When you return the lines below, go from the first through the line with "Hey guys, how", keep them exact, and leave out every picture.

*** Data ***

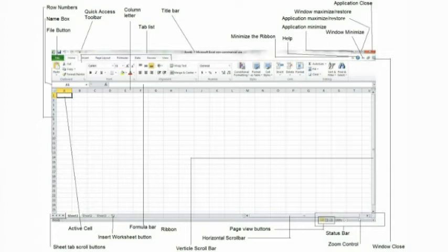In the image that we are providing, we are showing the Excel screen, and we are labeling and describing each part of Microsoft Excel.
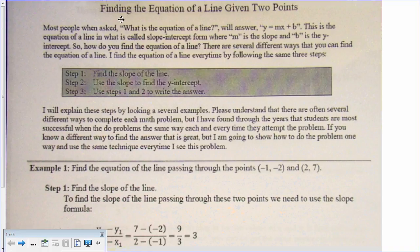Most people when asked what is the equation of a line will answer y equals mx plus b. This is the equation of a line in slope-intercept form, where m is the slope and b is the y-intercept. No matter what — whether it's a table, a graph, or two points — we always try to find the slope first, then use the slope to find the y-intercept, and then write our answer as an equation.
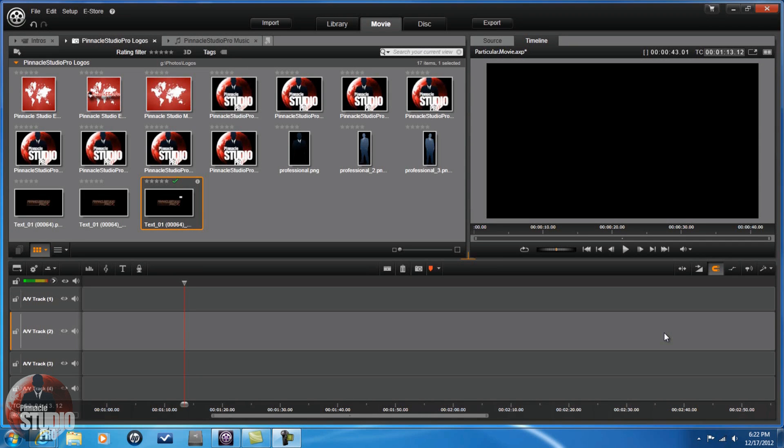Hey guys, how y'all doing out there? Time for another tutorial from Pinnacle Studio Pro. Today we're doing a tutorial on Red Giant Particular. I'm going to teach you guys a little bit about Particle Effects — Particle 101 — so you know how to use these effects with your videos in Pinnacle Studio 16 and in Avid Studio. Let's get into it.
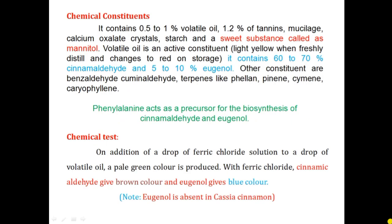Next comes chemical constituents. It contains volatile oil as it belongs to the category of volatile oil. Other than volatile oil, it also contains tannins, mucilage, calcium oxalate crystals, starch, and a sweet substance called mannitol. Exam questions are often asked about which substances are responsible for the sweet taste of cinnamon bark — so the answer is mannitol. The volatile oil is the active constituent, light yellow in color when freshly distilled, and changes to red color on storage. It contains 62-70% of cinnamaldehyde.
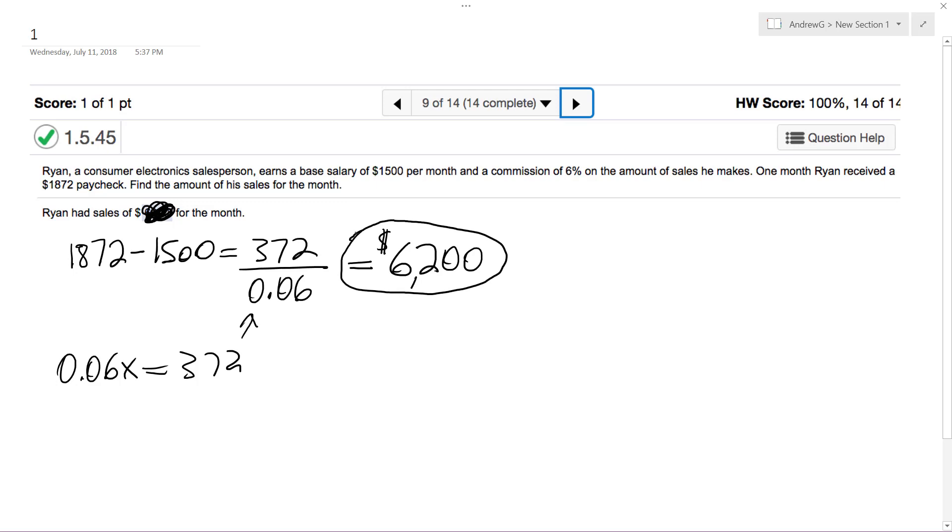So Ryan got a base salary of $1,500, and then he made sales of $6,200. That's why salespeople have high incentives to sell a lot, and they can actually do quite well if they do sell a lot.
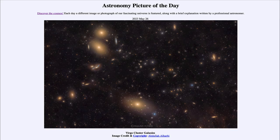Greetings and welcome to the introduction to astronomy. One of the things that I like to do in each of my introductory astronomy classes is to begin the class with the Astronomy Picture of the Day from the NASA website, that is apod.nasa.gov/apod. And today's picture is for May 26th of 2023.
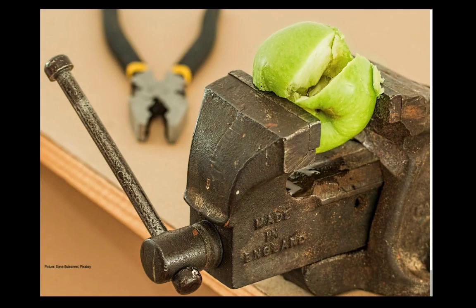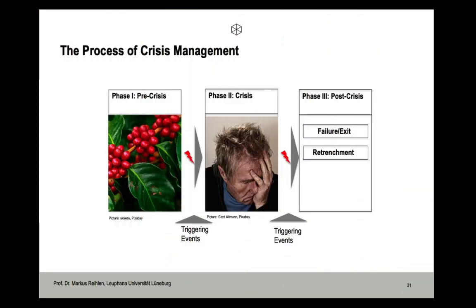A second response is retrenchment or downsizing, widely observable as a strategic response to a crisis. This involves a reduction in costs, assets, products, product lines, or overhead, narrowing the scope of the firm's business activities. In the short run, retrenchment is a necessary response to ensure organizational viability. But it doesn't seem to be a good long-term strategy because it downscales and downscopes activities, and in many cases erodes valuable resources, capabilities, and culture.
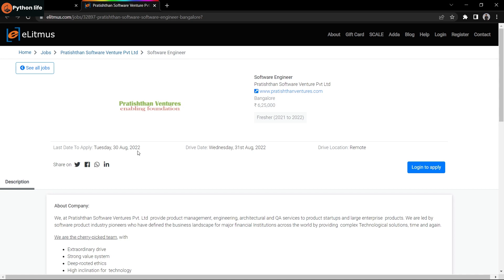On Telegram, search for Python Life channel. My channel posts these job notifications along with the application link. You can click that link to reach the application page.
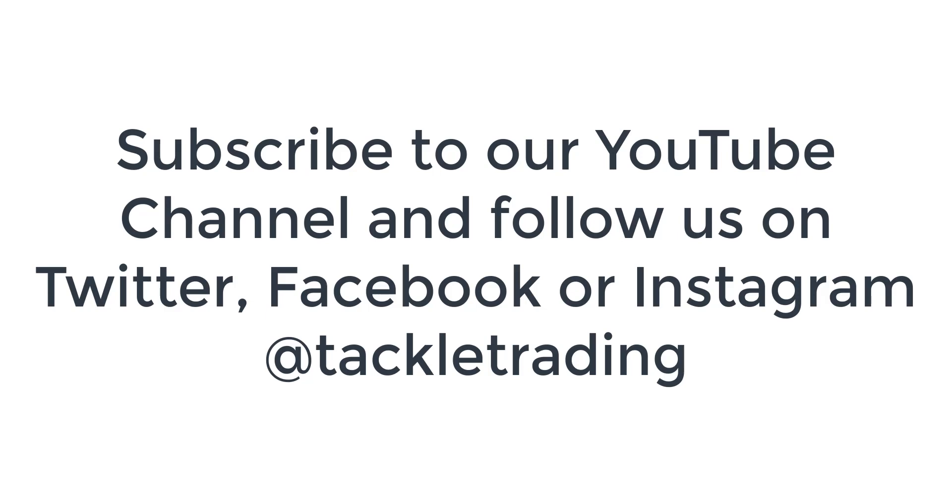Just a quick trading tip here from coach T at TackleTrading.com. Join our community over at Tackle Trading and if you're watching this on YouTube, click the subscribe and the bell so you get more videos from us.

*** End of Data ***

» Reply to the task
In the image that we are providing, we are showing the Excel screen, and we are labeling and describing each part of Microsoft Excel.
Most people when asked what is the equation of a line will answer y equals mx plus b. This is the equation of a line in slope-intercept form, where m is the slope and b is the y-intercept. No matter what — whether it's a table, a graph, or two points — we always try to find the slope first, then use the slope to find the y-intercept, and then write our answer as an equation.
Hey guys, how y'all doing out there? Time for another tutorial from Pinnacle Studio Pro. Today we're doing a tutorial on Red Giant Particular. I'm going to teach you guys a little bit about Particle Effects — Particle 101 — so you know how to use these effects with your videos in Pinnacle Studio 16 and in Avid Studio. Let's get into it.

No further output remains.